| Exercise brief |
The expected output is every entry, copied exactly.

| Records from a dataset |
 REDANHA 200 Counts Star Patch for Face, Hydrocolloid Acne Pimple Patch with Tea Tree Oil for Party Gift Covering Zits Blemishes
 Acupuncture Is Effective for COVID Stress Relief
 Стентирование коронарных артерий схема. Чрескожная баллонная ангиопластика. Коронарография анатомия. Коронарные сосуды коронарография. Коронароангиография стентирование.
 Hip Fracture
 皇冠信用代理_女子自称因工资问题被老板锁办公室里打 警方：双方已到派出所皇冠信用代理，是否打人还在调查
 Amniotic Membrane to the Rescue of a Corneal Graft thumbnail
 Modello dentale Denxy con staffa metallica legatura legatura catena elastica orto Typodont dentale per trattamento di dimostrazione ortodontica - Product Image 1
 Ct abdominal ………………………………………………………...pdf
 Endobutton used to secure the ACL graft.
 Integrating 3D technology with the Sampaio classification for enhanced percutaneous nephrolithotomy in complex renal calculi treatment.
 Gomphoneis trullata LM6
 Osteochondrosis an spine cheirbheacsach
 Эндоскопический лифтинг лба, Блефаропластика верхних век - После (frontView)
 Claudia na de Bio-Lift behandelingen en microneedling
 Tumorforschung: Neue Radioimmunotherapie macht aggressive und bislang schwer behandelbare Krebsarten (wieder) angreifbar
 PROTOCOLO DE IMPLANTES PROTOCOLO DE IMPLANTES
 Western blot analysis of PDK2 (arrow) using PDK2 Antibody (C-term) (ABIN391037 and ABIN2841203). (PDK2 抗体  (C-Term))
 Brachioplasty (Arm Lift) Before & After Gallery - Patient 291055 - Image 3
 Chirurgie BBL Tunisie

| Task solution |
 REDANHA 200 Counts Star Patch for Face, Hydrocolloid Acne Pimple Patch with Tea Tree Oil for Party Gift Covering Zits Blemishes
 Acupuncture Is Effective for COVID Stress Relief
 Стентирование коронарных артерий схема. Чрескожная баллонная ангиопластика. Коронарография анатомия. Коронарные сосуды коронарография. Коронароангиография стентирование.
 Hip Fracture
 皇冠信用代理_女子自称因工资问题被老板锁办公室里打 警方：双方已到派出所皇冠信用代理，是否打人还在调查
 Amniotic Membrane to the Rescue of a Corneal Graft thumbnail
 Modello dentale Denxy con staffa metallica legatura legatura catena elastica orto Typodont dentale per trattamento di dimostrazione ortodontica - Product Image 1
 Ct abdominal ………………………………………………………...pdf
 Endobutton used to secure the ACL graft.
 Integrating 3D technology with the Sampaio classification for enhanced percutaneous nephrolithotomy in complex renal calculi treatment.
 Gomphoneis trullata LM6
 Osteochondrosis an spine cheirbheacsach
 Эндоскопический лифтинг лба, Блефаропластика верхних век - После (frontView)
 Claudia na de Bio-Lift behandelingen en microneedling
 Tumorforschung: Neue Radioimmunotherapie macht aggressive und bislang schwer behandelbare Krebsarten (wieder) angreifbar
 PROTOCOLO DE IMPLANTES PROTOCOLO DE IMPLANTES
 Western blot analysis of PDK2 (arrow) using PDK2 Antibody (C-term) (ABIN391037 and ABIN2841203). (PDK2 抗体  (C-Term))
 Brachioplasty (Arm Lift) Before & After Gallery - Patient 291055 - Image 3
 Chirurgie BBL Tunisie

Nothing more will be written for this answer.